The experts, from Britain, the United States, Switzerland and Germany, said the drying in Belize "coincides with increasing aerosol emissions in the northern hemisphere" as the Industrial Revolution pushed up fossil fuel use.
The findings indicate that growing air pollution in countries such as China and India may cause further disruption, especially in Asia, to a band of tropical rains that encircles the globe around the equator and is vital to farming.
The scientists linked the drying to sun-dimming pollution because the nine biggest volcanic eruptions in the northern hemisphere since 1550, spewing out ash that veiled sunshine, also showed up as dry periods in the stalagmite's growth.
For example, an eruption of the Laki volcano in Iceland in 1783, which has also been associated with lower water flows in the Nile, coincided with drought in Belize, they wrote.
Sun-masking pollution cools the northern hemisphere, where most industry is based. That tends to push the Intertropical Convergence Zone, a band of rain encircling the globe, south because it moves towards the warmer hemisphere, they said.
However, the scientists wrote that some unknown natural variations might also provide an explanation for the drying.
In a report published in 2013, a U.N. scientific panel said it was 95 percent likely that greenhouse gases were the main cause of recent global warming.

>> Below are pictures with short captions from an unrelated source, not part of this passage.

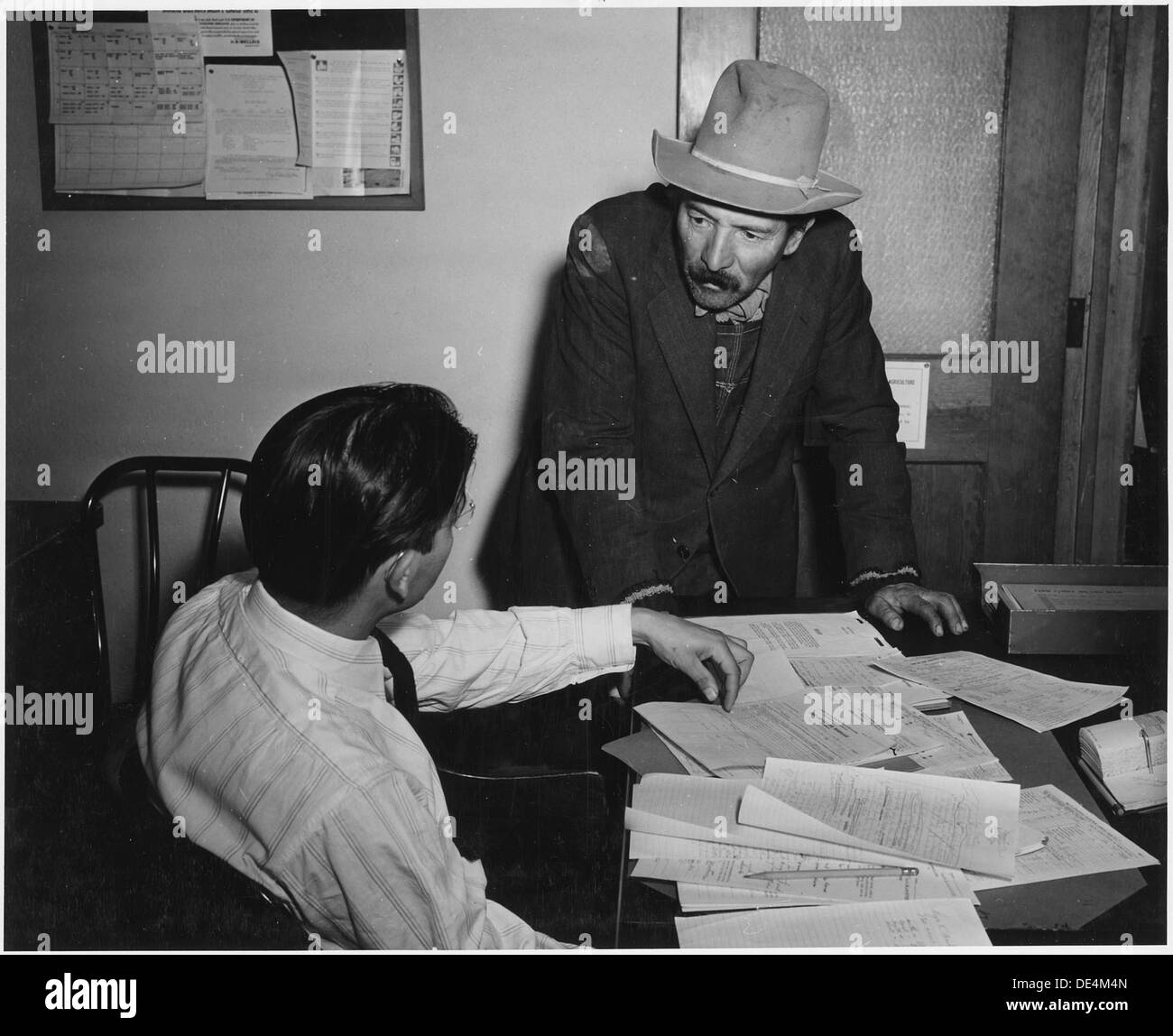 Taos County, Nuovo Messico. Farm Security Assistant supervisor e client, ufficio FSA, Taos. 521971 Foto Stock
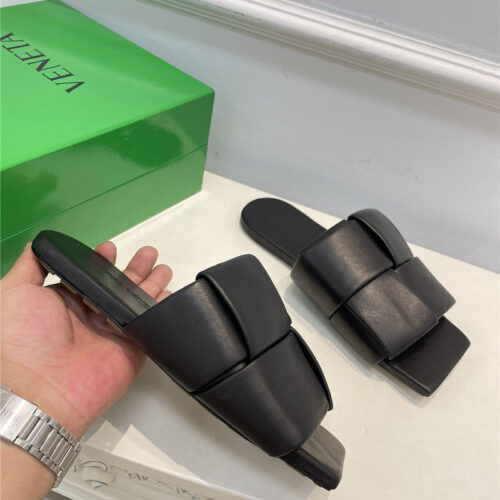 High Quality Luxury Bottega Veneta Patch Slides – Style 52870 alternate view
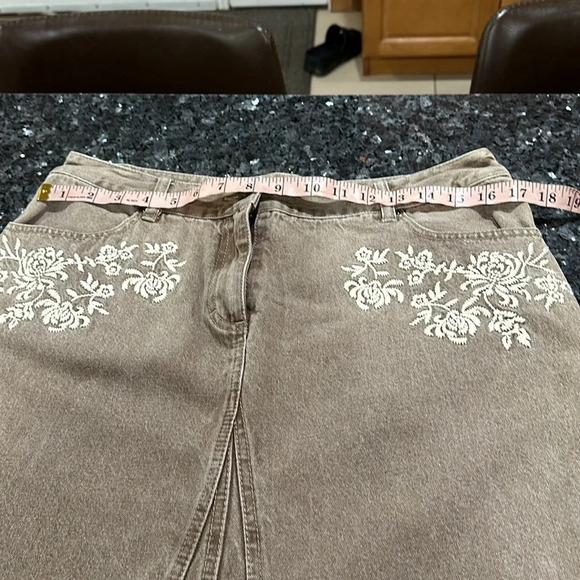 Jeanology Collection Sz 14 Flared Maxi Skirt Khaki Colored Denim Embroidery - Picture 3 of 6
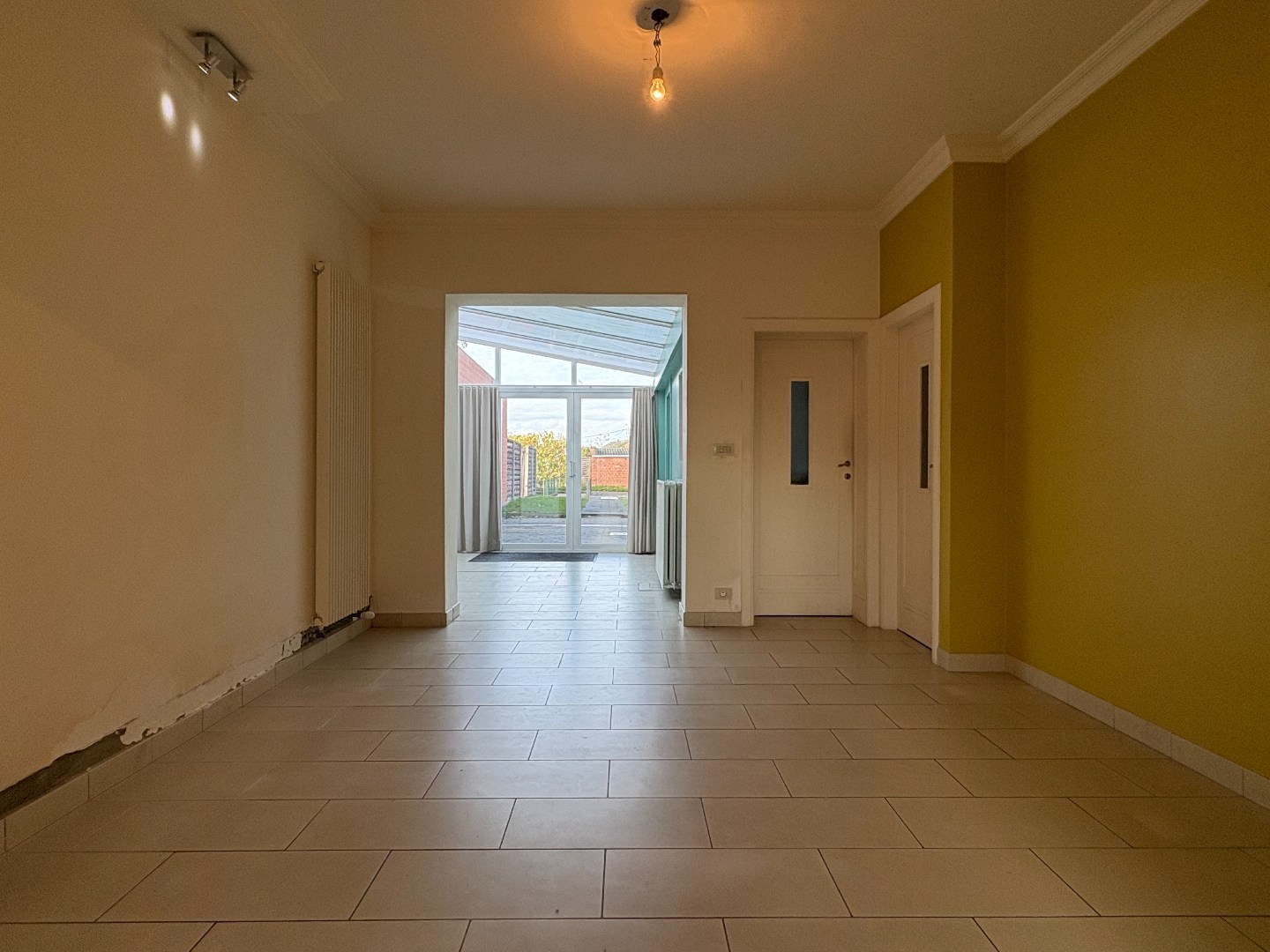 Ruime woning te koop met 3 slaapkamers, ruime tuin en geen renovatieverplichting! - foto 4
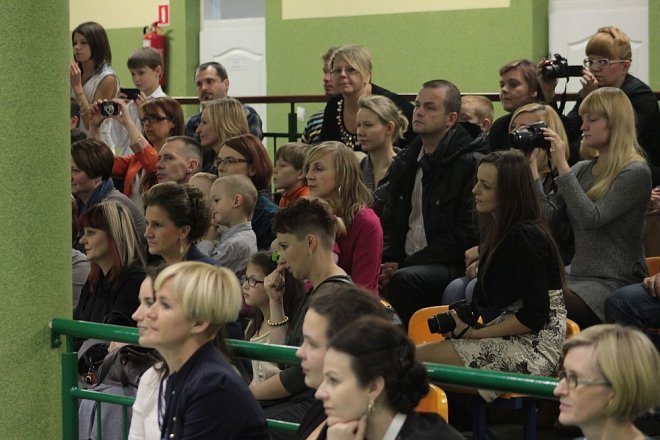 Pasowanie na pierwszaka w Szkole Podstawowej w Rzekuniu [28.11.2014] - zdjęcie #57 - eOstroleka.pl
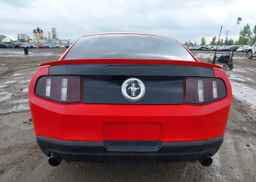 2011 FORD MUSTANG V6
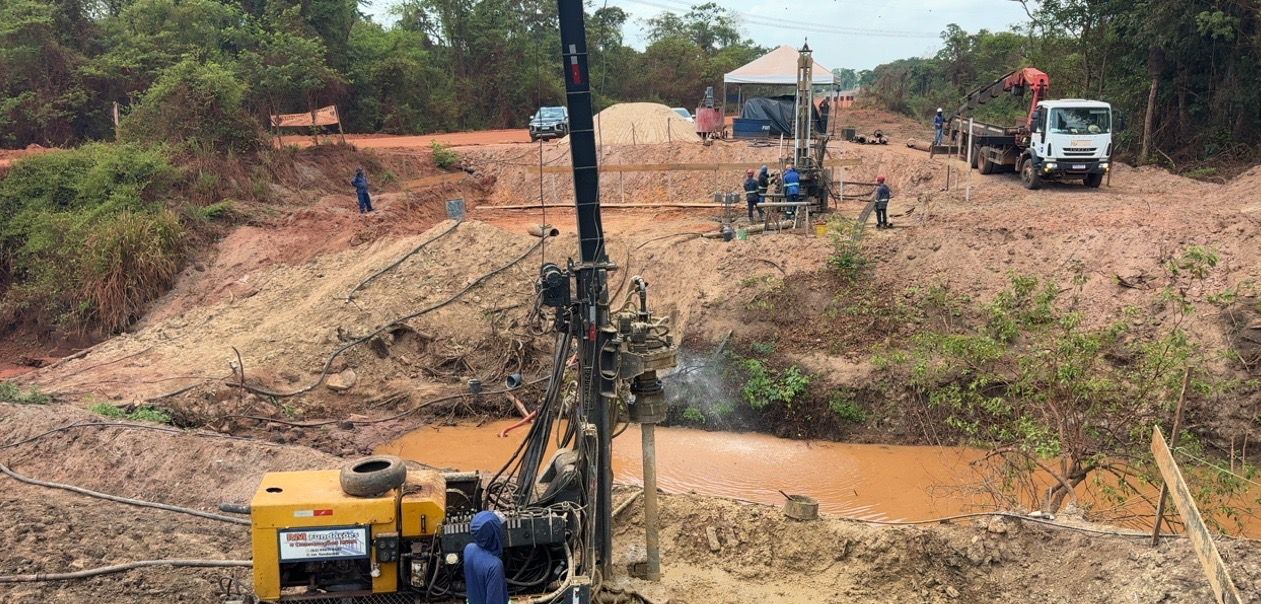 Nova Ponte sobre o Ribeirão Aldeia Grande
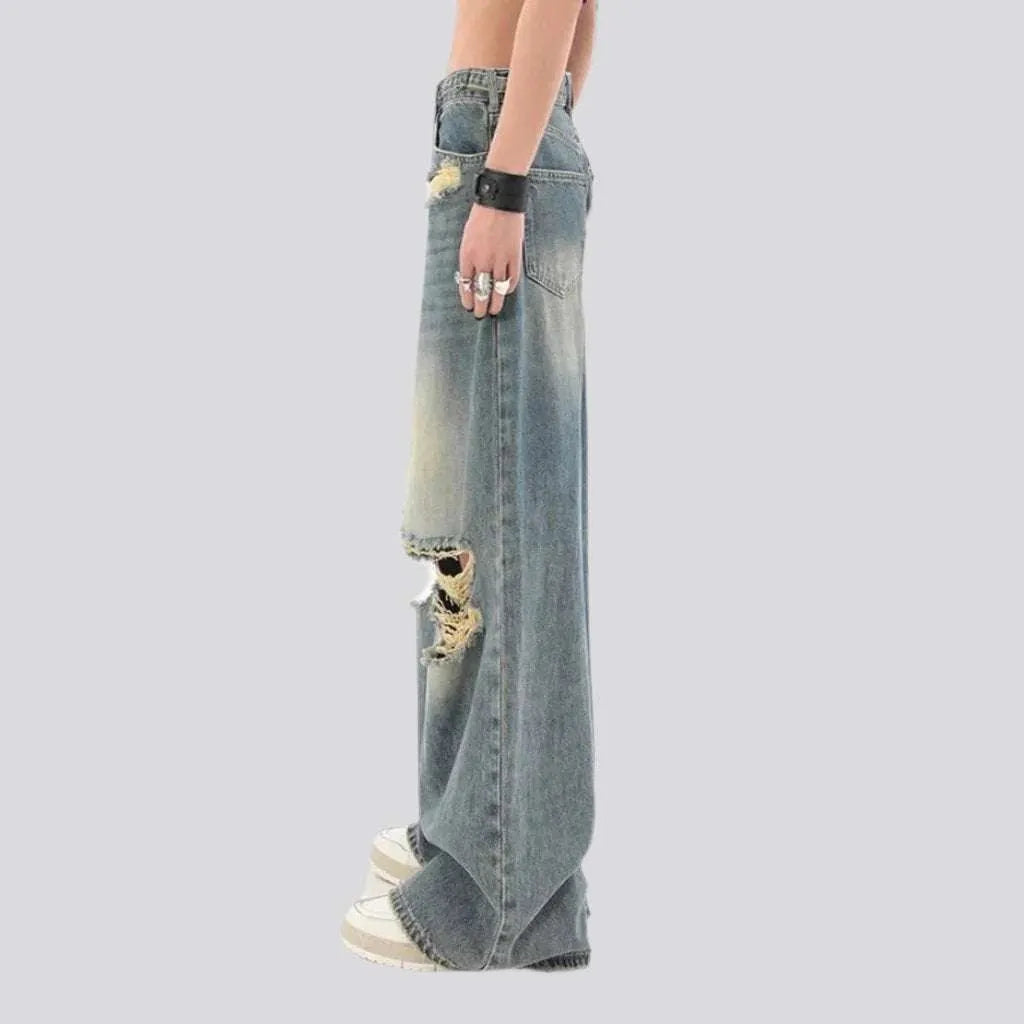 Distressed sanded jeans
 for women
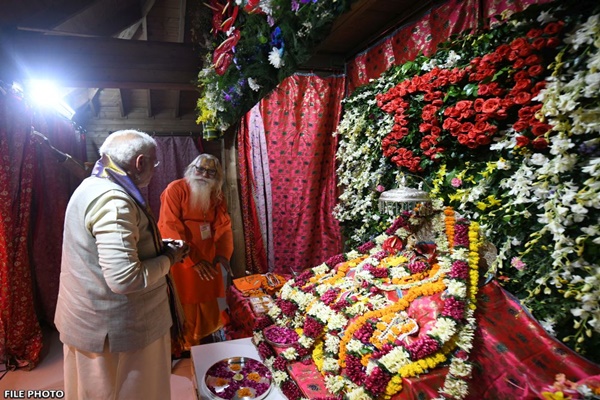 PM Modi Condoles Demise of Ram Janmabhoomi Chief Priest Mahant Satyendra Das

Many industrialized nations have introduced clean air acts since the 1970s, meaning the world has seen a shift in pollution towards fast-growing emerging nations led by China and India.
"Geographic changes in aerosol emissions should be considered when assessing potential future rainfall shifts in the tropics," they wrote.
Lead author Harriet Ridley of Durham University told Reuters that colleagues had being examining Belize stalagmites for signs of drought about 1,000 years ago, often suggested as the cause of the collapse of the Mayan civilization.
That study is still continuing.
Baitoushan volcano, on China's border with North Korea, had one of the biggest eruptions in history around the year 1000, according to NASA.